Tucidide ha scritto:Ho letto l'editoriale, Pietro, e mi permetto di dire che ho notato, nella dichiarazione di intenti "montaliana"
una mancanza: l'importanza della regia.
Hai ragione, Alberto: ce ne siamo dimenticati.
D'altra parte è come se avessimo detto: "Intendiamo dare notevole rilievo alla resa del canto". Avremmo fatto ridere, no?

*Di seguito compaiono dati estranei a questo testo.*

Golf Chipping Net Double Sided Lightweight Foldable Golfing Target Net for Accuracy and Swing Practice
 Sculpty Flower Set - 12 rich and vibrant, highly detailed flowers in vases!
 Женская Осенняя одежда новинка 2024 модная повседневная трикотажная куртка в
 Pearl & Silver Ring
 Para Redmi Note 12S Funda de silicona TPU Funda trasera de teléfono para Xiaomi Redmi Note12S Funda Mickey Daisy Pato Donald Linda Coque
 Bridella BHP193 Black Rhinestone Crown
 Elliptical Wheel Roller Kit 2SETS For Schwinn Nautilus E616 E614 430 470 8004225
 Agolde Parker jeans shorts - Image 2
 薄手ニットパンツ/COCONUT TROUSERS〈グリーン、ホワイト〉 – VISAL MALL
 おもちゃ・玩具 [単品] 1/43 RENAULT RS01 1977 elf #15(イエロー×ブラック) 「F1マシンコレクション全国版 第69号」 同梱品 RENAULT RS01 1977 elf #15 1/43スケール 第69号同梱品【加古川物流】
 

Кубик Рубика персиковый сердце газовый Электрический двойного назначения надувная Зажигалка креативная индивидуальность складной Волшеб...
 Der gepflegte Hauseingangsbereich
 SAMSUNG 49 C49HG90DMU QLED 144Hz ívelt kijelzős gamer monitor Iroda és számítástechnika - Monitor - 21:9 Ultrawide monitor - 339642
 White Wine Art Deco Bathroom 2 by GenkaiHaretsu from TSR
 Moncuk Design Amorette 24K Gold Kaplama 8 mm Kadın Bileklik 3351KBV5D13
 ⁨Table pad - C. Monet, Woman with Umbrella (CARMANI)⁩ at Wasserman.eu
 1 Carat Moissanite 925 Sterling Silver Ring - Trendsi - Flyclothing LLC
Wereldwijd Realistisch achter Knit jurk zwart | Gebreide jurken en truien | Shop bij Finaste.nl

Sarebbe stato un pleonasmo, parlando d'opera lirica.
In realtà non è merito nostro il fatto di parlare di regia in ambito teatrale: stiamo parlando di uno spettacolo, la regia è un componente talmente essenziale che far notare ai nostri lettori che ne parliamo ci sembra quasi un insulto alla loro (e nostra) intelligenza.
E invece questo aspetto tu lo definisci "unico", perché siamo gli "unici" a dare un'adeguata rilevanza a questo dato: gli altri o non se ne curano, oppure lo sbertucciano, oppure molto spesso non lo vedono.
Sai, Alberto, io sono fermamente convinto che se oggi stiamo vivendo una stagione meravigliosamente esaltante in ambito di rappresentazione operistica, il merito sia anche e soprattutto dei registi che:
hanno proposto punti di vista completamente nuovi
hanno saputo esaltare capacità dei cantanti che forse nemmeno i cantanti sospettavano di avere
in qualche caso (vedi Wieland nella Bayreuth Anni Cinquanta) hanno proprio guidato la rivoluzione culturale, portando per mano direttori rivoluzionari come Krauss e Karajan (quest'ultimo per poco, purtroppo), o tradizionalisti come Knappertsbusch, e crescendo una scuola di cantanti che hanno inventato di sana pianta il loro approccio ai personaggi che affrontavano
Io credo che sia facile sbeffeggiare il "teatro di regia", come viene genericamente chiamato tutto quello che prevede la presenza di un regista che detta i propri ritmi a uno spettacolo; facile, dicevo, ma infantile, perché la regia è ormai quella che, di comune accordo con il direttore, dà la direzione allo spettacolo.
E le voci, dirai tu?...
Cazzo, Alberto, ti sembra che manchino le voci?!?